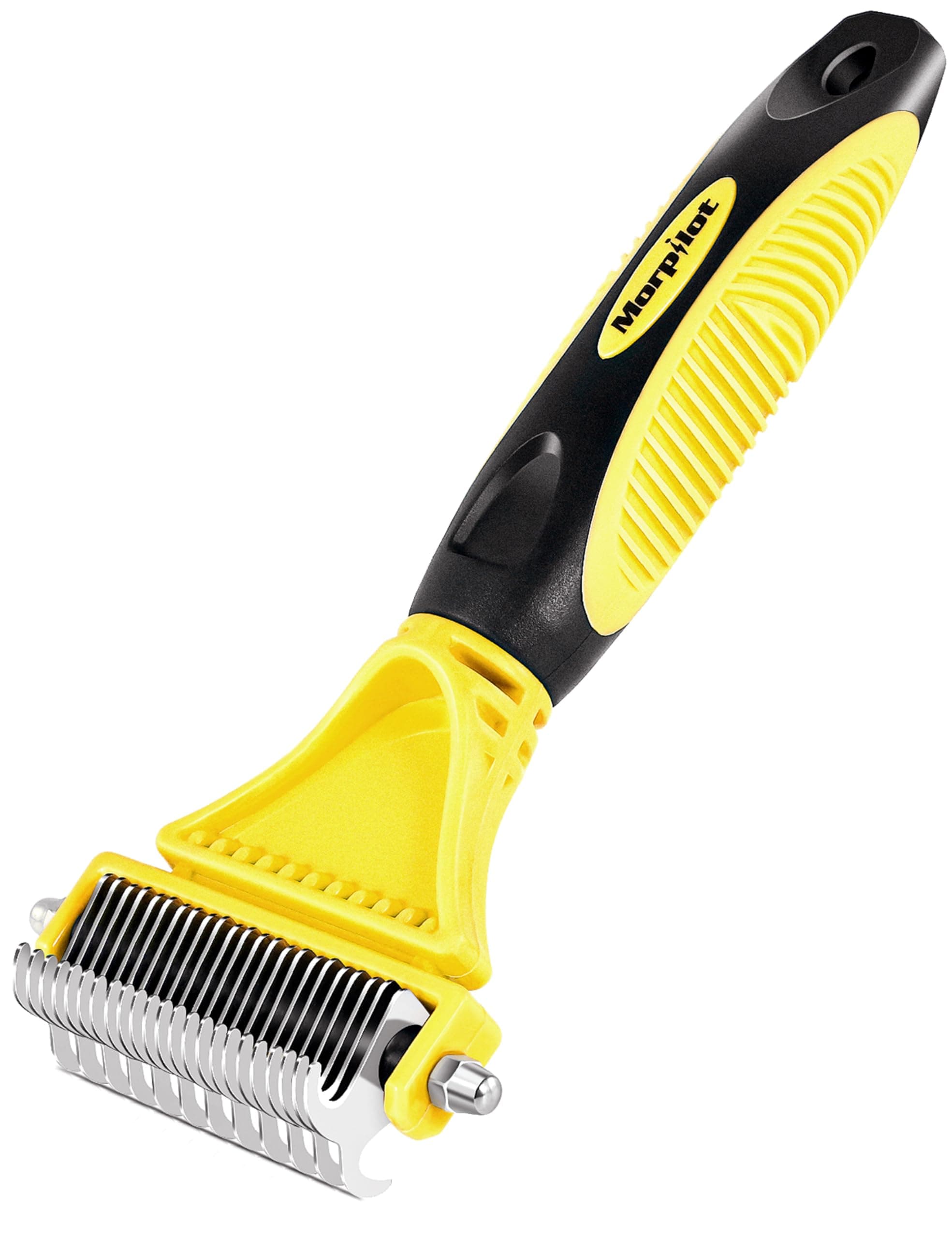 morpilot Dog Brush Cat Brush Grooming Comb, 23+12 Double Sided Undercoat Rake Dematting Deshedding Tool for Long Hair Pets Cat Dog Slicker Shedding Brushes Efficiently Reduces Hair Loss by up to 90%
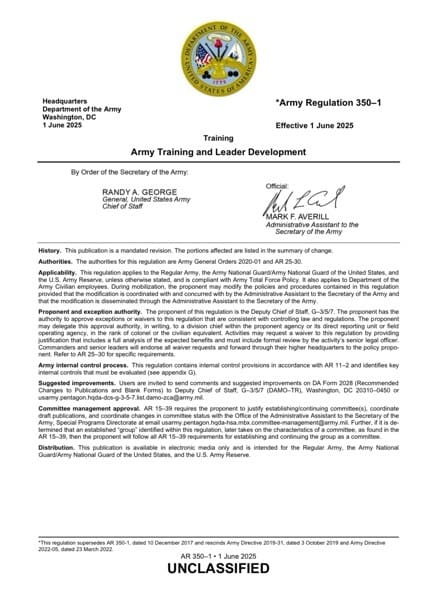 NEW Army Training Requirements Regulation - Doc Is Cut In Half! | Soldier Systems Daily Soldier Systems Daily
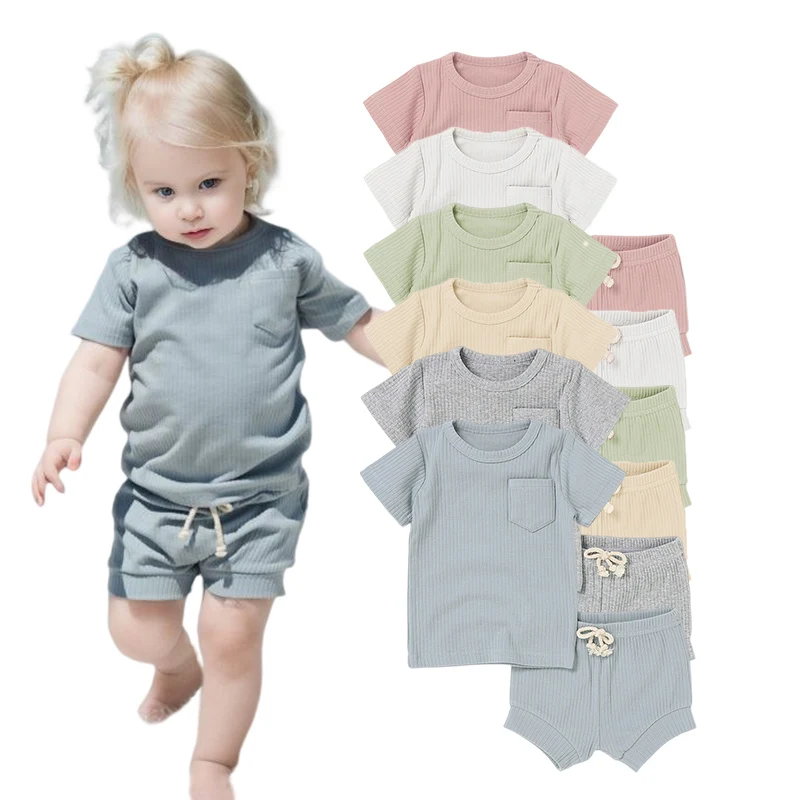 Летний комплект детской одежды из органического хлопка с ребристой отделкой летний короткий пижамный комплект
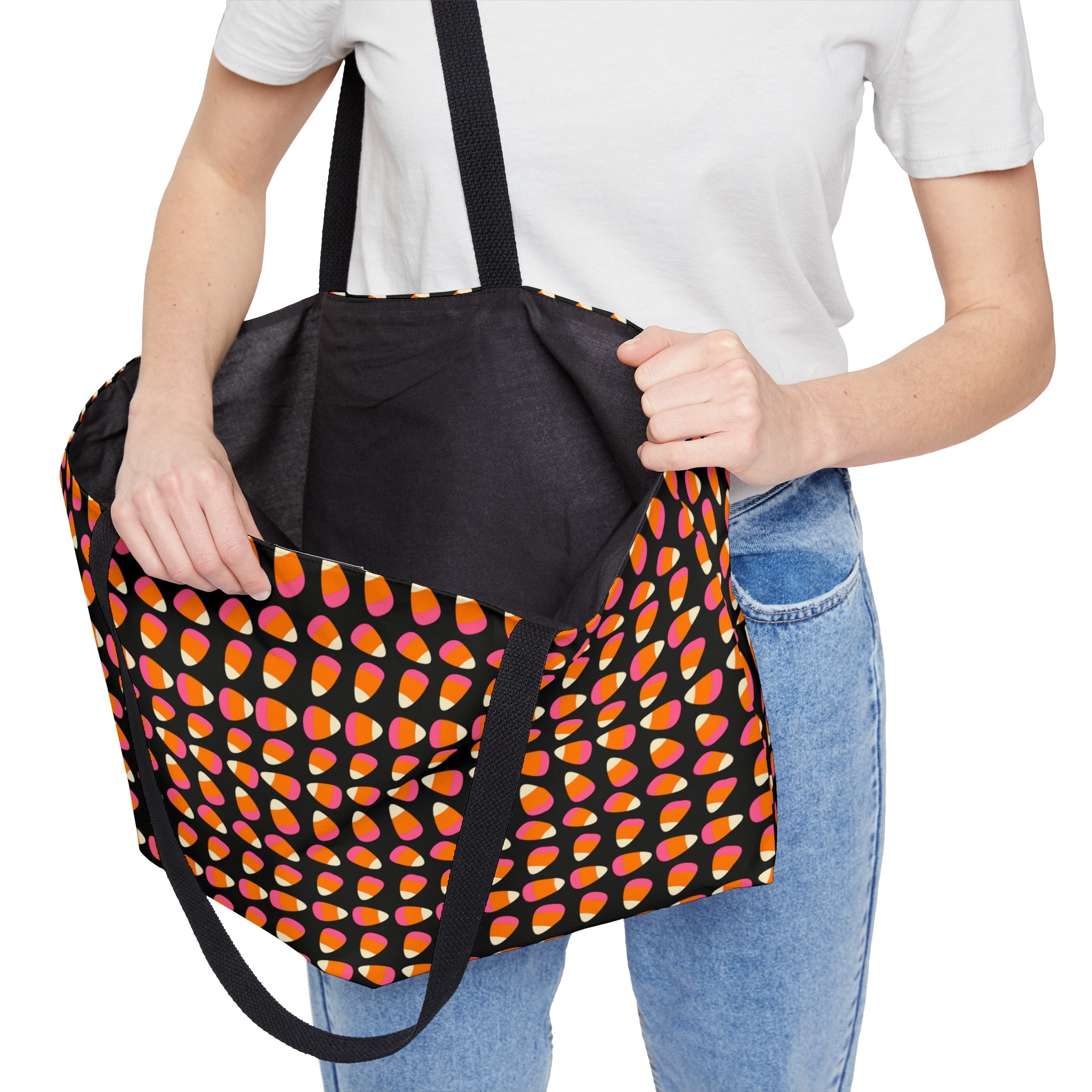Candy Corn Halloween Large Tote Bag - The Kindness Cause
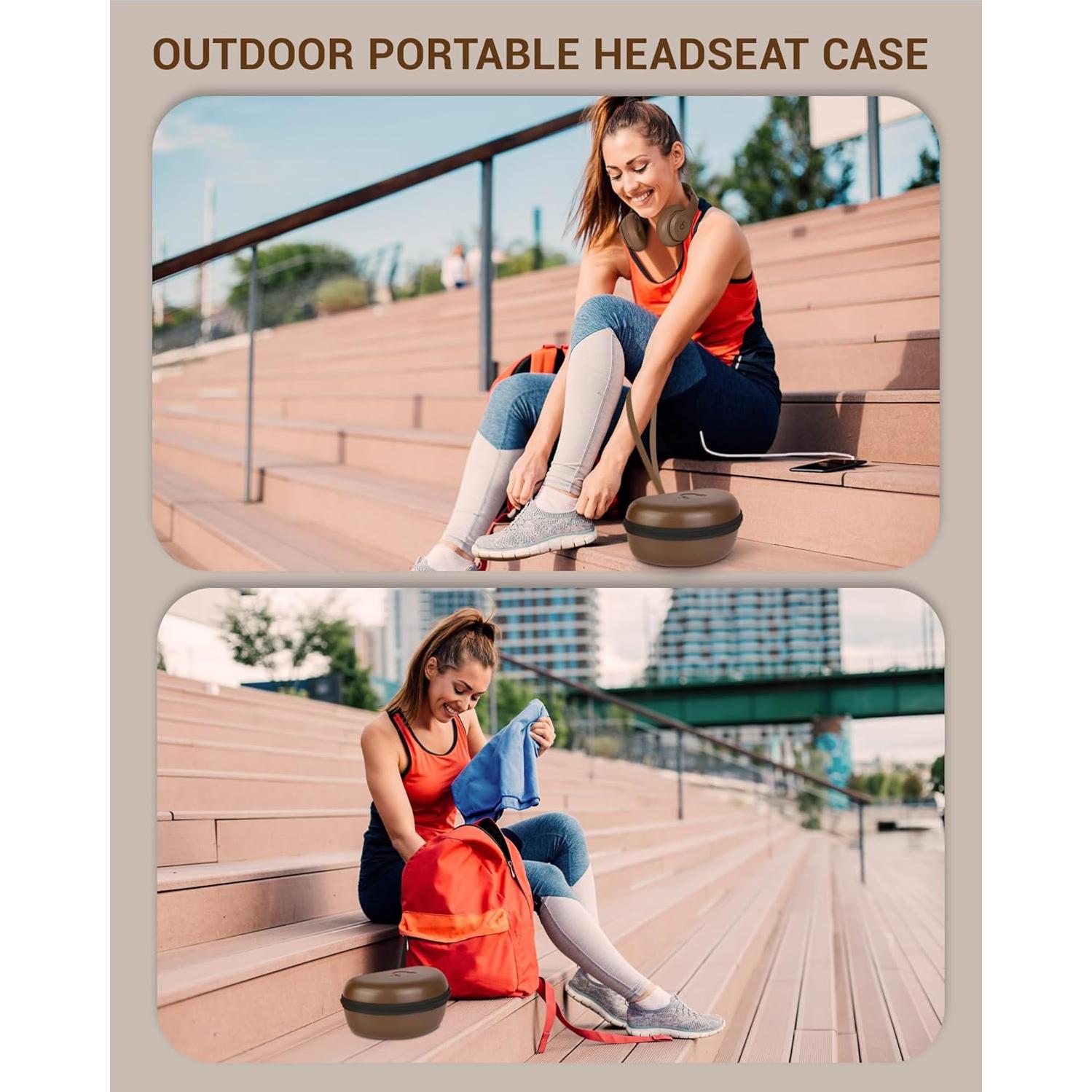 Funda Dura para Auriculares Beats - Modelo Compatible, Marrón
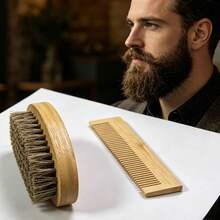 Bộ lược tạo kiểu râu nam, lược râu hình bầu dục bằng tre Moso, lược gỗ gia dụng, dùng được cả uốn và duỗi tóc. - Nhiều màu - Xem 2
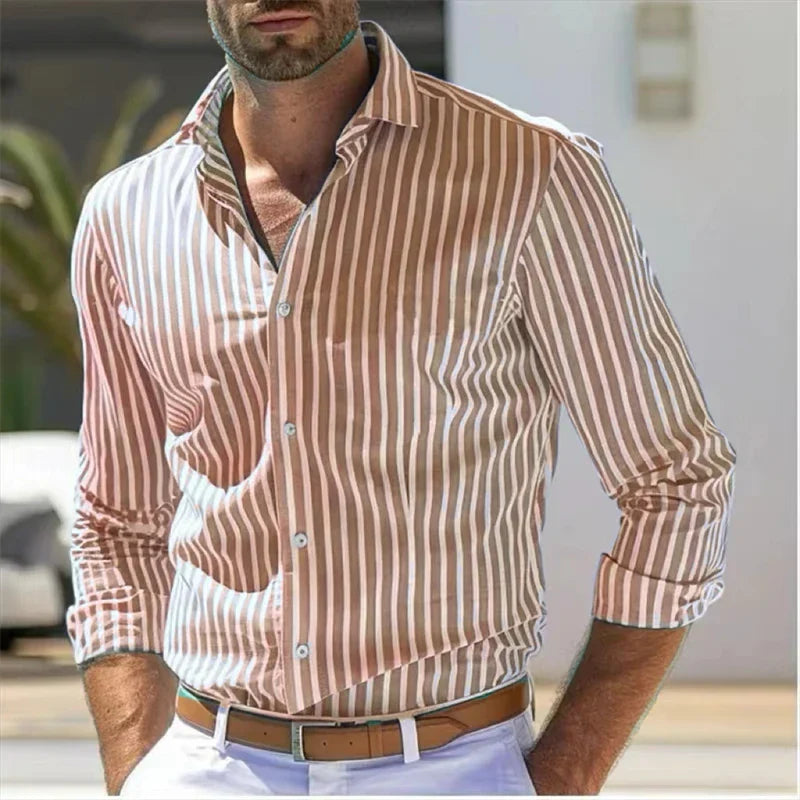 Tiago™ Camisa de rayas bicolores de manga larga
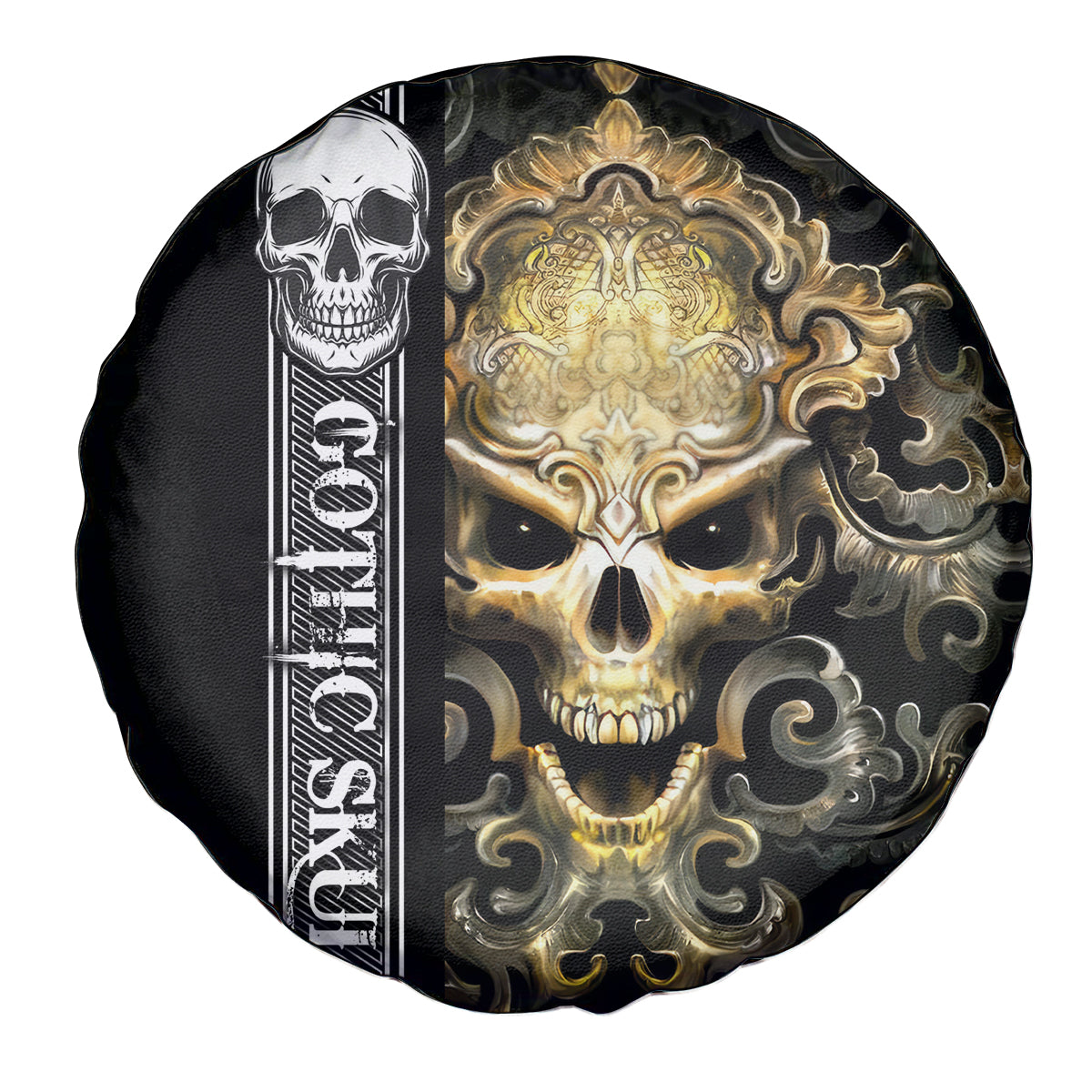 Golden Gothic Skull Spare Tire Cover Embracing Ancient Elegance - Wonder Print Shop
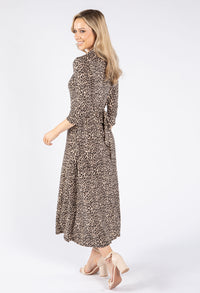 Mini Leopard Print Tie Waist Dress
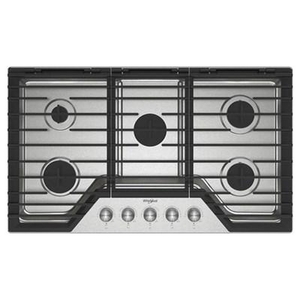Table de cuisson à gaz encastrée de 36 po avec des grilles en fonte EZ-2-Lift™ Whirlpool - WCGK7036PS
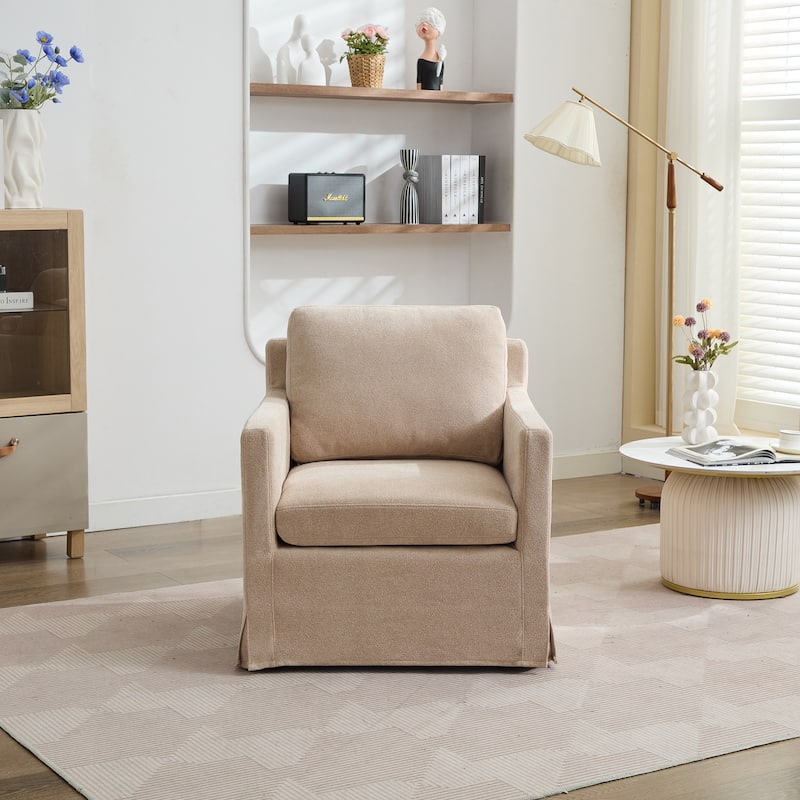 Chenille Upholstered Swivel Accent Chair, Single Sofa Chair with Removable Back Cushion, Lounge Armchair with Metal Base - Wheat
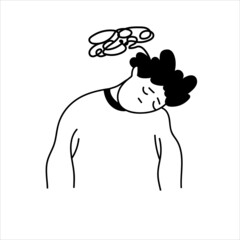 Sad male character. Depressive thoughts. A confused mind. Vector hand-drawn illustration in the style of doodles on an isolated white background.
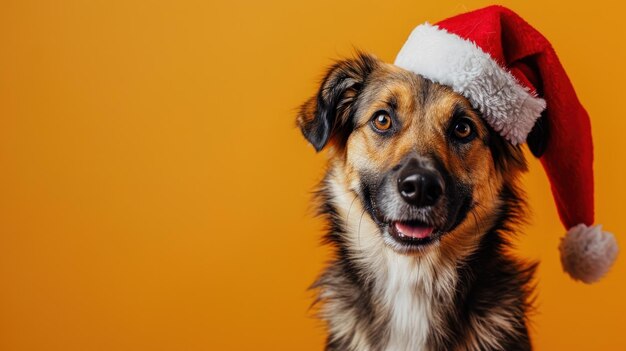 Alegre celebración canina Un perro festivo luciendo un gorro de Papá Noel en un lienzo dorado soleado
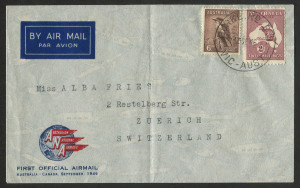 AUSTRALIA: Aerophilately & Flight Covers: 15 Sept. 1946 (AAMC.1066) Australia - Canada first flight A.N.A. cover bearing 2/- Roo + 6d Kooka tied by "BURKE RD E9 - VIC" cds, paying the 2/6 rate via this service to Europe, for delivery to Switzerland.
____
- [Work instruction]: Would you print all of the entries exactly, omitting any image?

- [Written response]:
 morpilot Dog Brush Cat Brush Grooming Comb, 23+12 Double Sided Undercoat Rake Dematting Deshedding Tool for Long Hair Pets Cat Dog Slicker Shedding Brushes Efficiently Reduces Hair Loss by up to 90%
 NEW Army Training Requirements Regulation - Doc Is Cut In Half! | Soldier Systems Daily Soldier Systems Daily
 Летний комплект детской одежды из органического хлопка с ребристой отделкой летний короткий пижамный комплект
Candy Corn Halloween Large Tote Bag - The Kindness Cause
 Funda Dura para Auriculares Beats - Modelo Compatible, Marrón
 Bộ lược tạo kiểu râu nam, lược râu hình bầu dục bằng tre Moso, lược gỗ gia dụng, dùng được cả uốn và duỗi tóc. - Nhiều màu - Xem 2
 Tiago™ Camisa de rayas bicolores de manga larga
 Golden Gothic Skull Spare Tire Cover Embracing Ancient Elegance - Wonder Print Shop
 Mini Leopard Print Tie Waist Dress
Table de cuisson à gaz encastrée de 36 po avec des grilles en fonte EZ-2-Lift™ Whirlpool - WCGK7036PS
 Chenille Upholstered Swivel Accent Chair, Single Sofa Chair with Removable Back Cushion, Lounge Armchair with Metal Base - Wheat
 Sad male character. Depressive thoughts. A confused mind. Vector hand-drawn illustration in the style of doodles on an isolated white background.
 Alegre celebración canina Un perro festivo luciendo un gorro de Papá Noel en un lienzo dorado soleado
 AUSTRALIA: Aerophilately & Flight Covers: 15 Sept. 1946 (AAMC.1066) Australia - Canada first flight A.N.A. cover bearing 2/- Roo + 6d Kooka tied by "BURKE RD E9 - VIC" cds, paying the 2/6 rate via this service to Europe, for delivery to Switzerland.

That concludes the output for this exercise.